While I don't have the time right now for an immediate answer, I intend on coming back to this later on this week. I also wanted to get it out there because I think that some form of evaluation is important - both learner assessments if you are accrediting people in your course and course assessments to make sure goals were realized. I am interested in what other people think about this issue :-)

Comments

Why would anyone want to collect "summative" evaluations of a MOOC? The MOOC has no externally declared beginning and end point. It is an event and it begins, for me, when I come and it ends when I leave. The only possible summative evaluation would be my own self-assessment of my experience: Did I achieve my original aims? Did I adjust those aims at some point in the course, or throughout the course? Or, possibly better, what did I learn through this experience.

Organizers would be interested to know how people used a MOOC, what made it easy or difficult, how they set their goals, organized their work, interacted with people and materials and so on. This information could come from a variety of sources including data mining, students self reporting, more organized or formalized "cluster based" reporting including peer evaluations.

You give two external reasons for wanting to evaluate students: course development and management and accreditation.

As a course developer I'd be interested to know about usability, coherence, personal distance, engagement and so on. I'd also like to have some personal metrics: learning styles, personality profiles, comfort with technology etc. Learner maintained records such as blogs or electronic portfolios would also be useful, though many students would probably need to be trained to us them effectively and that may render these tools less "authentic."

Accreditation is much more complex, given current structures. We could revert to an older form of accreditation based on an apprenticeship model. This relies more on personal than institutional authority and would be more acceptable in some cultures than others. Unfortunately, Western culture deprecates personal authority in favor of institutions, which then concatenate into huge corporate structures leaving little value other than raw authority.
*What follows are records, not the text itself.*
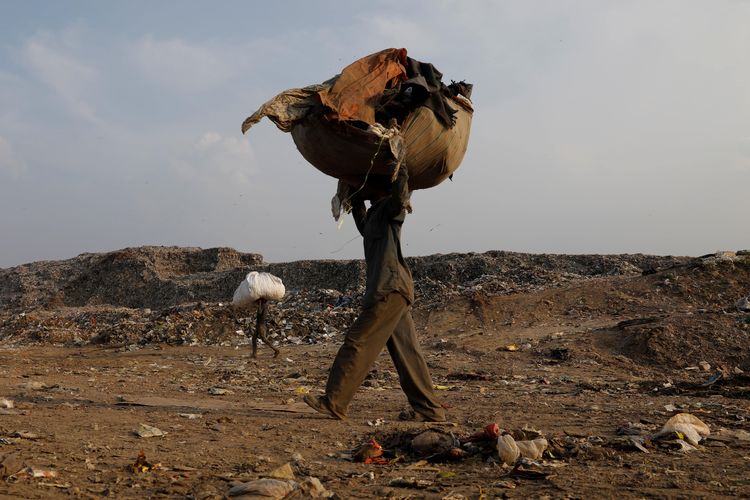 Mansoor Khan, 44, seorang pemungut sampah, berjalan ketika ia membawa sekarung bahan yang dapat didaur ulang setelah menyelesaikan pekerjaan untuk hari itu di tempat pembuangan sampah, selama pandemi penyakit virus corona (COVID-19), di New Delhi, India, 9 Juli 2020 .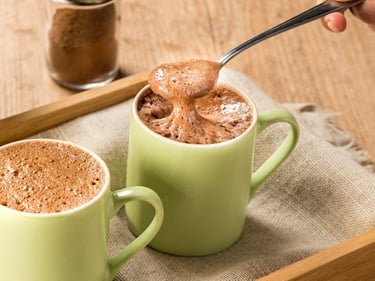 Leite em pó desnatado com whey protein em uma colher sobre fundo claro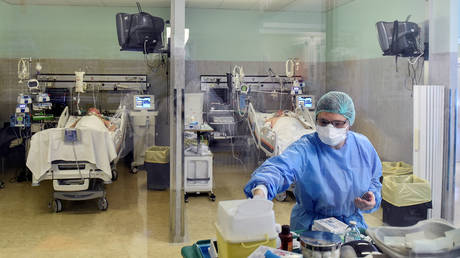 Italian medical worker wearing a protective mask and suit treats patients suffering from the coronavirus. © Reuters / Flavio Lo Scalzo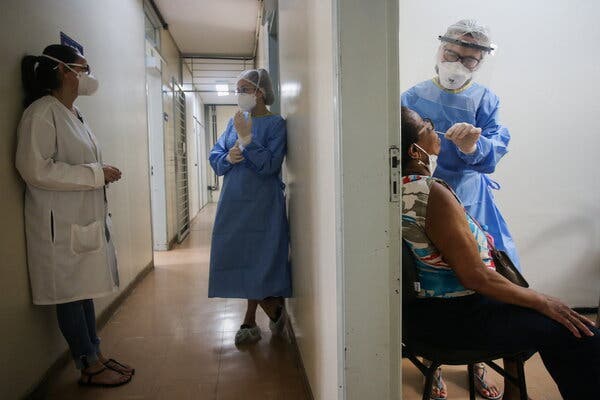 A health worker collecting a swab sample from a woman to test for the coronavirus after cases of the Omicron variant were detected in Porto Alegre, Brazil, last week.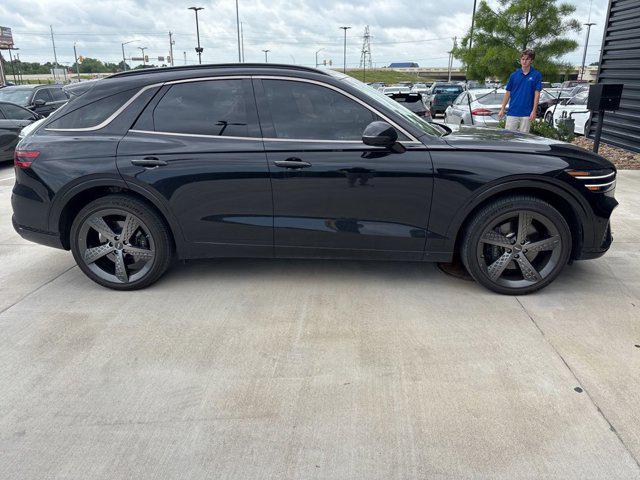 used 2024 Genesis GV70 car, priced at $53,573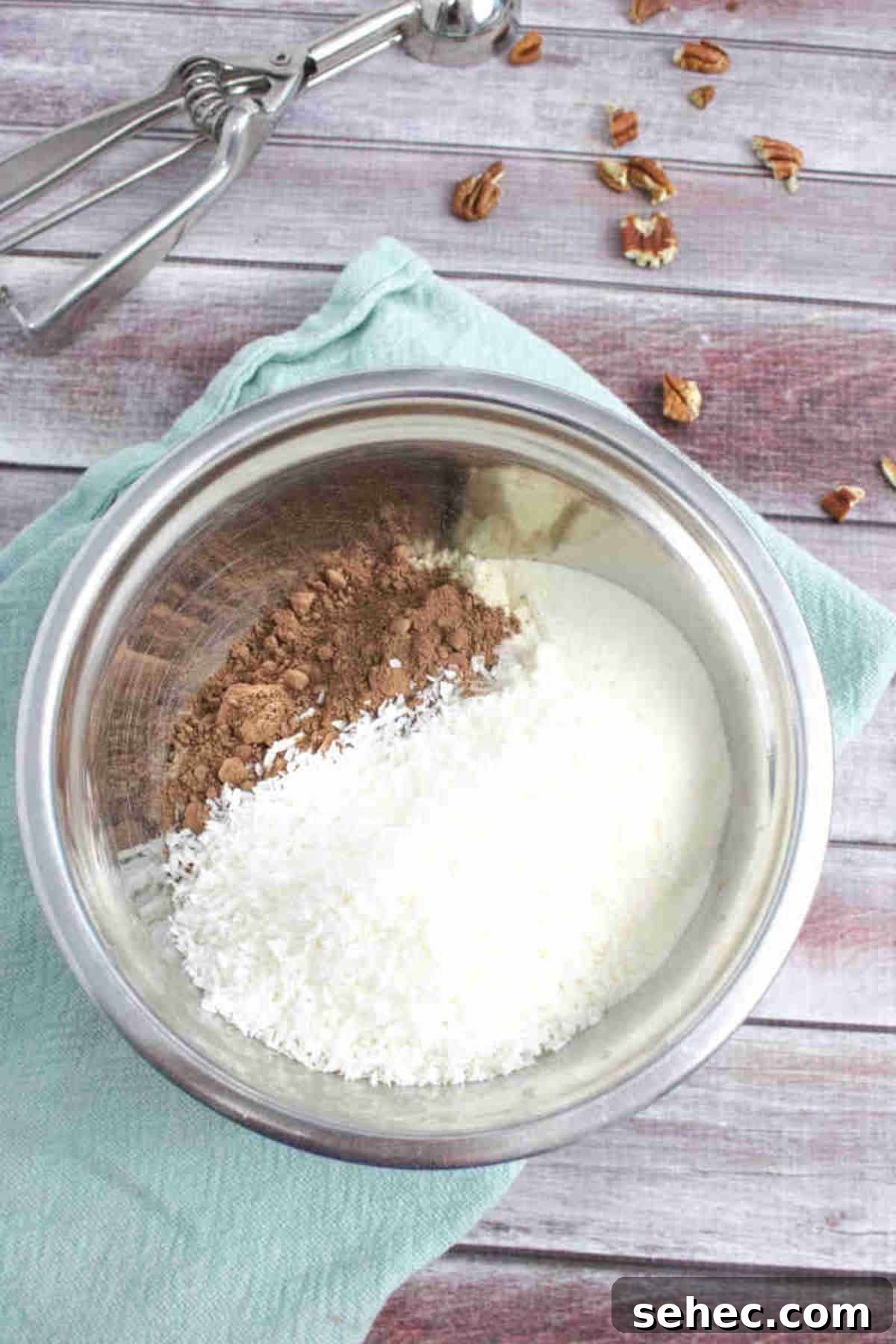High Protein Cookies for Pregnancy 4 Steel bowl with cacao powder, coconut and almond flour on a blue linen and pecans around it.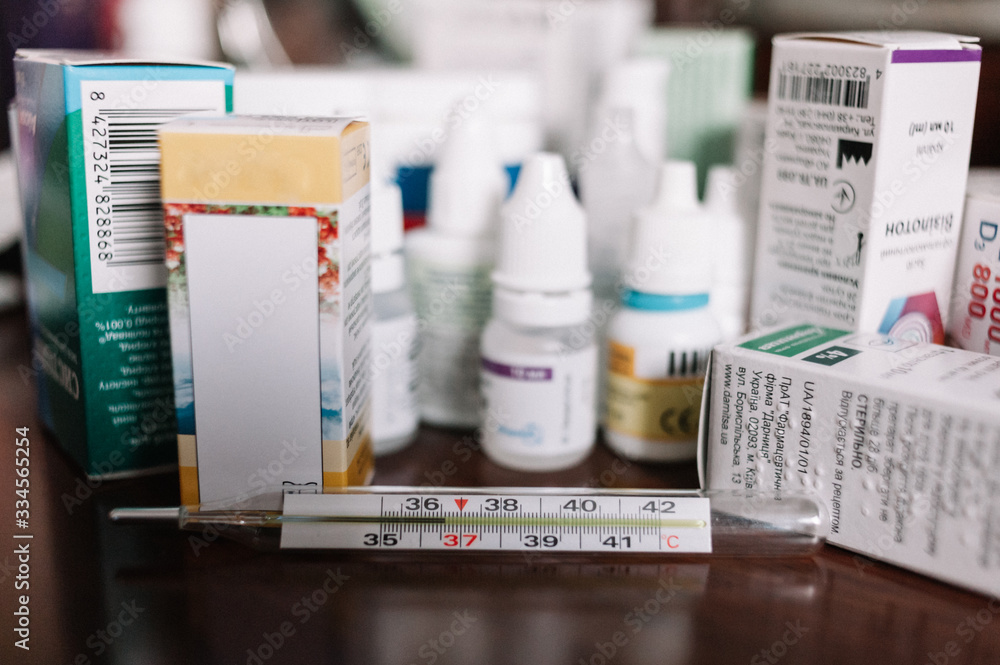 medications and thermometer for the treatment of coronavirus on the table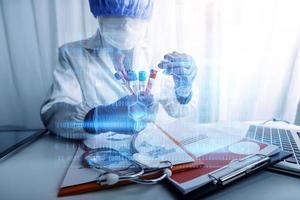 Medicine doctor hand working on a patients x-ray scans digital healthcare and connection with modern virtual screen interface icons, Medical technology and network concept. photo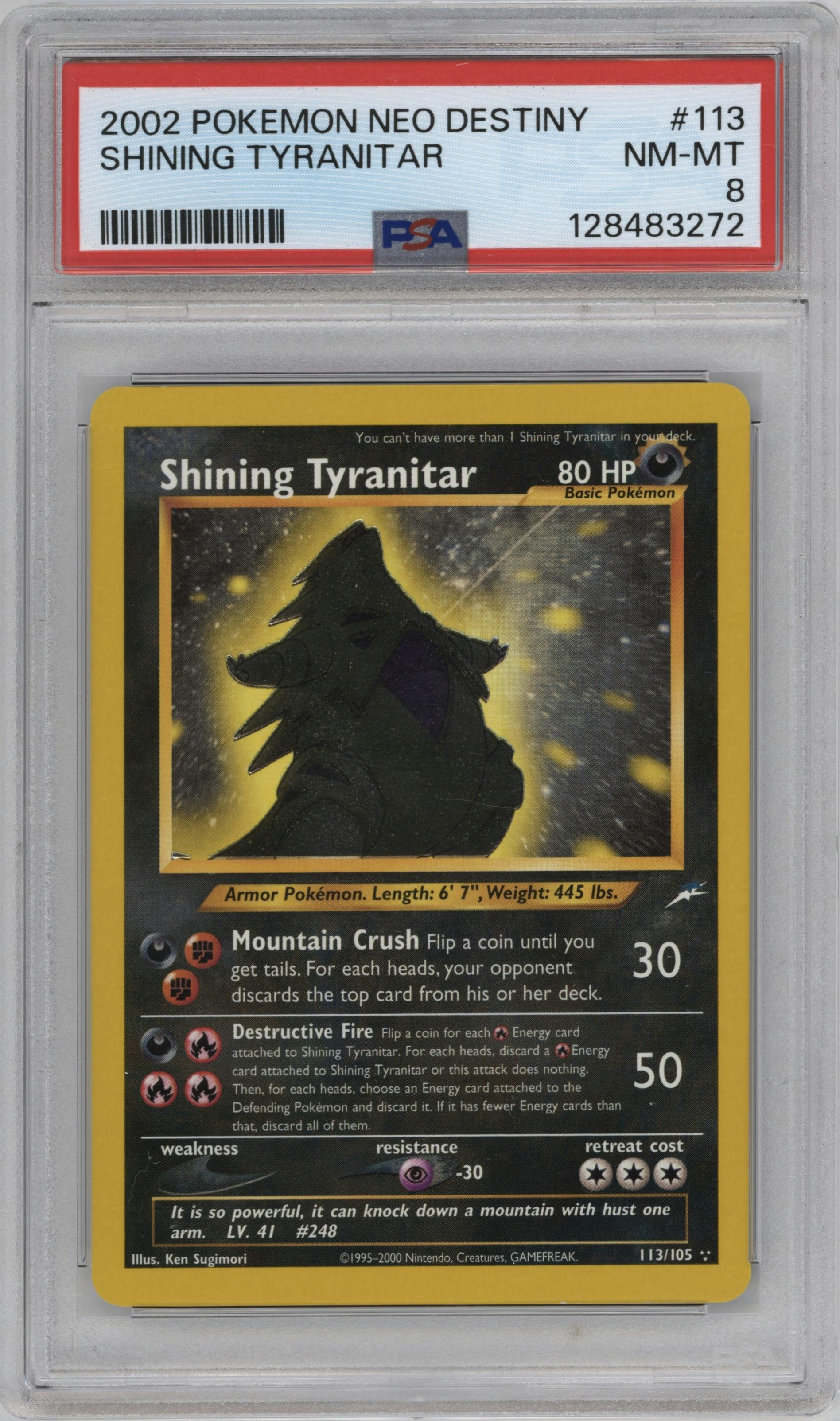 Shining Tyranitar from the 2002 Pokemon Neo Genesis set graded by PSA and given an overall grade of 8.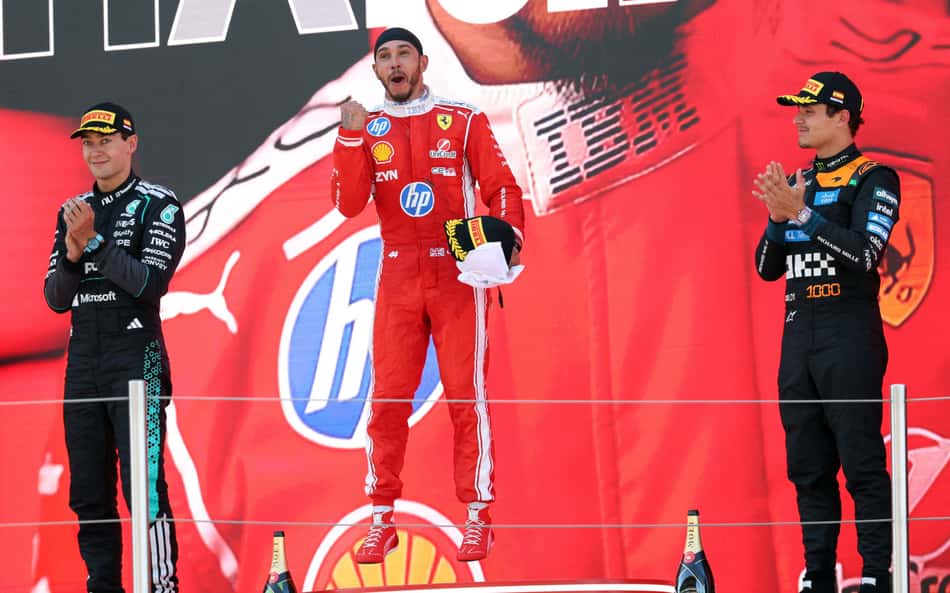 O vencedor e piloto britânico da Ferrari, Lewis Hamilton (centro), o segundo colocado e também britânico George Russell, da Mercedes (à esquerda), e o terceiro colocado, o também britânico Lando Norris, da McLaren, comemoram no pódio após o Grande Prêmio da Catalunha de Fórmula 1, no Circuito de Barcelona-Catalunha, em Montmeló, nos arredores de Barcelona (Foto: Lluis Gene / Afp)
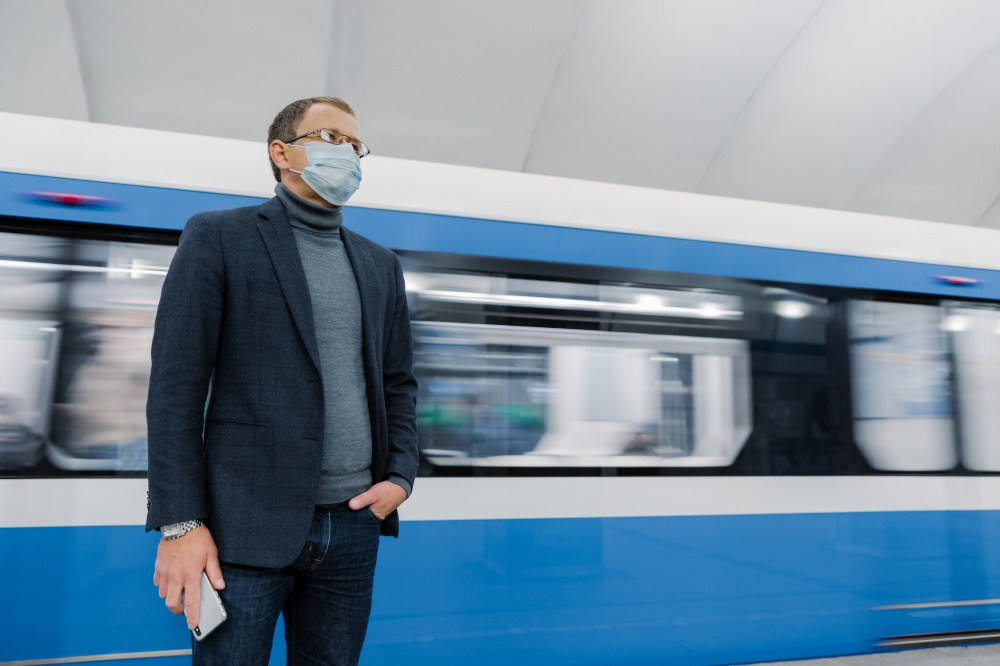 Pensive businessman wears surgical sterile mask to prevent spread of respiratory disease, poses against underground train, travels in public transport, holds smartphone in hand. Coronavirus outbreak.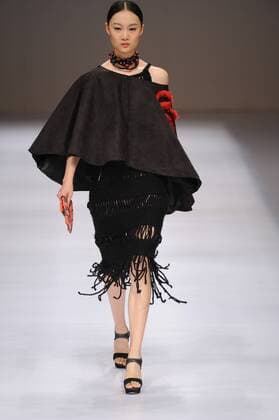 BEIJING, CHINA - MARCH 29: (CHINA OUT) A model showcases designs on the runway at Beijing Institute of Fashion Technology¡¤Emerging Design Collection & BIFT¡¤ELLASSAY Scholarship Awarding Ceremony during the Mercedes-Benz China Fashion Week Autumn Winter 2016 2017 at Beijing Hotel on March 29, 2016 in Beijing, China.  CFP481872763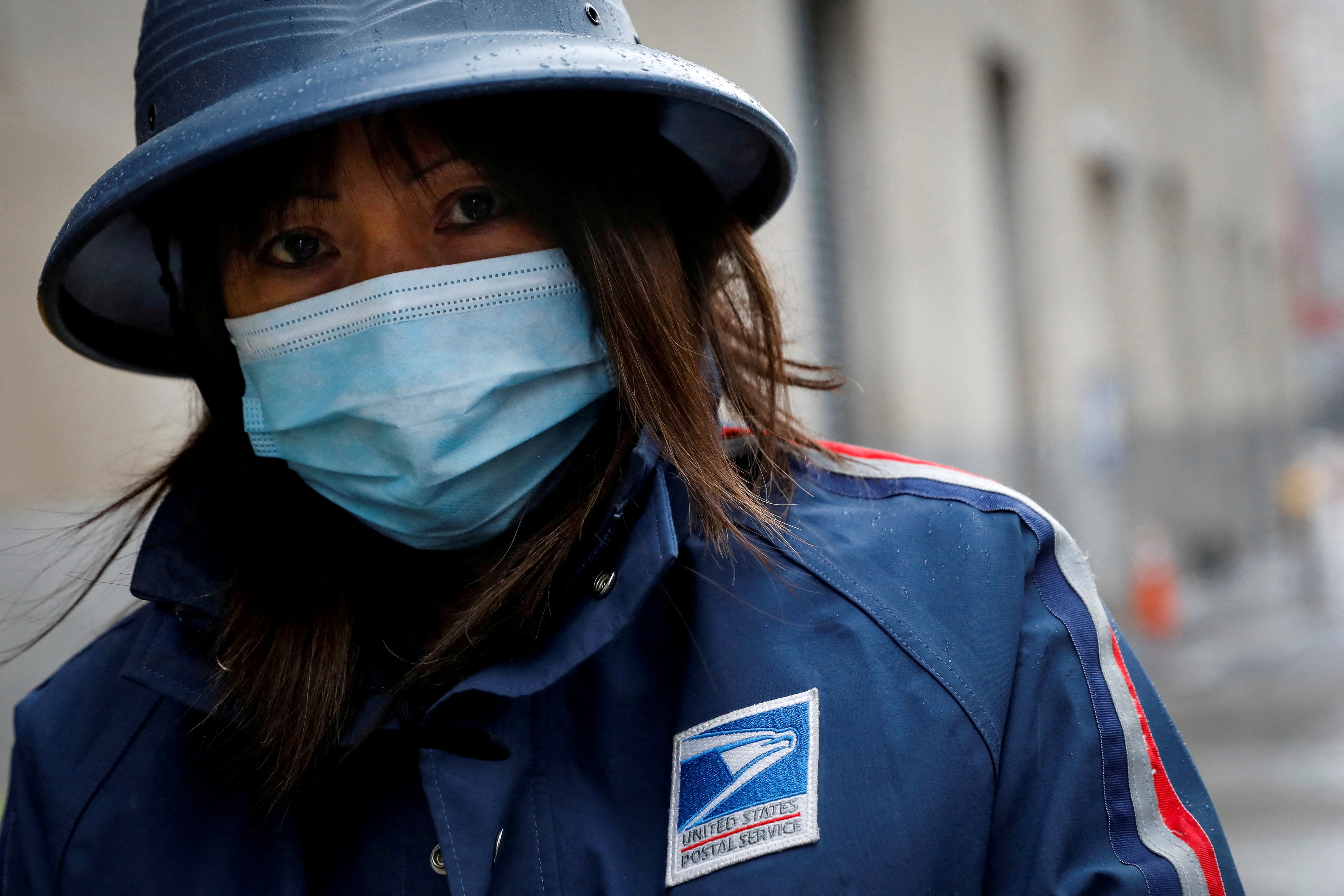A United States Postal Service employee works in the rain in Manhattan during the outbreak of the coronavirus disease in New York City on April 13, 2020.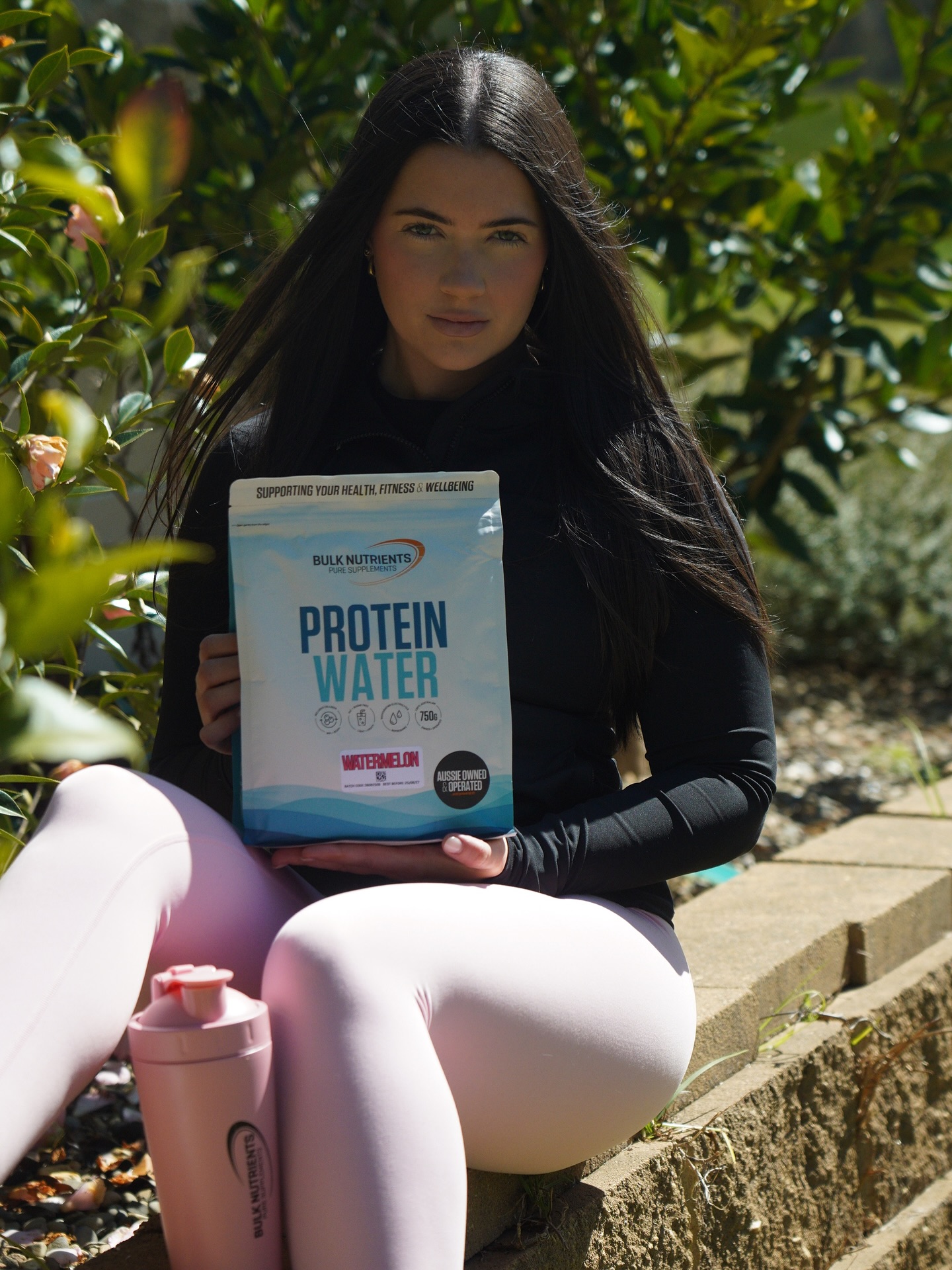 Instagram post by @indycarmody for Bulk Nutrients. Caption reads: Watermelon protein water is finally here!! 💦 🍉....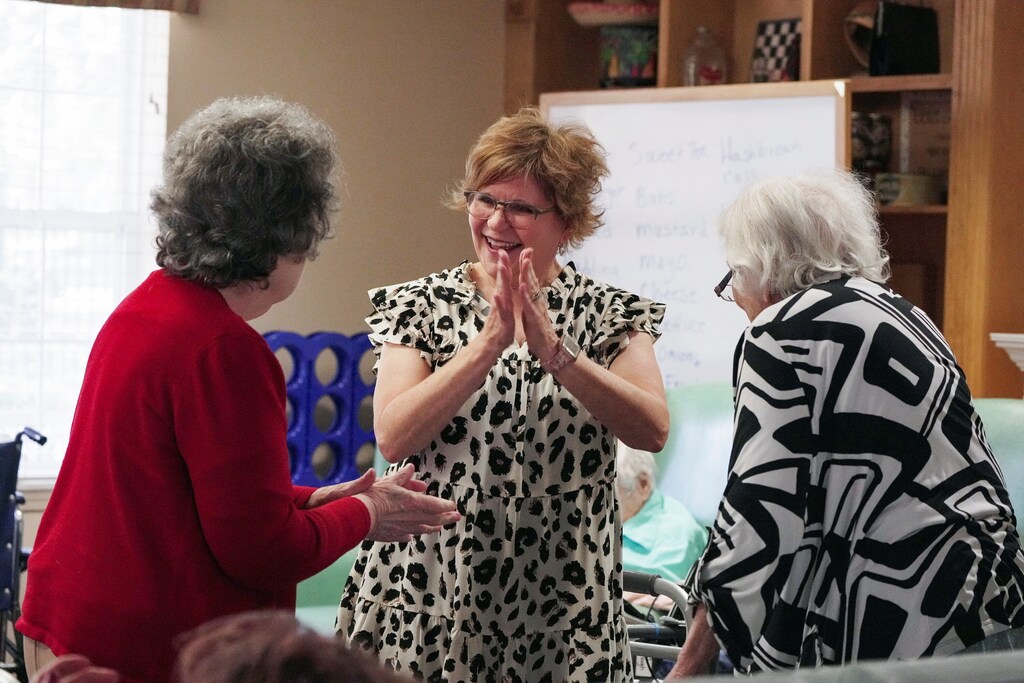 Activities director Amber Brown, dances with memory care patients at the Ave Maria Home, an assisted living center for seniors, in Bartlett, Tennessee, U.S., September 19, 2023. REUTERS/Karen Pulfer Focht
Getting institutional cultures to accept the notion of apprenticed accreditation may be difficult.
We have to stop meeting like this. (At some point I want to have a more conversational exchange with you.) Once again you bring up an important issue.

I don't see it as a "problem" yet, as OER and MOOCs are still young and we are all experimenting.  And before we jump to solve a problem I think we need to understand a lot more about the overall ecology in which the MOOCs is growing.  That said, I don't deny that discourse on the topic is warranted.  And one way to discuss it is from the view of the stakeholders. (learners, facilitators, institutions, employers...)

I suspect that there are already a number of ways learners are dealing with assessment.  After all learners may be motivated to document or legitimize the time they have spent engaged in this enterprise.  I myself have taken two MOOCs "for credit," PLENK2010 and Change11.  In both cases I am paying my institution for the credit, I proposed an independent study to my advisor, and _I_ proposed the outcomes and criteria by which my outcomes would be measured.

Do you know if George or Stephen have any students that are taking the course for credit?  I understand that in other courses (Alec Couros's for instance) a small number of students are paying customers, with a predetermined set of objectives and assessment strategies.  This technique may for the time being meet the institutional needs but in the long run may not serve the student's emergent learning goals.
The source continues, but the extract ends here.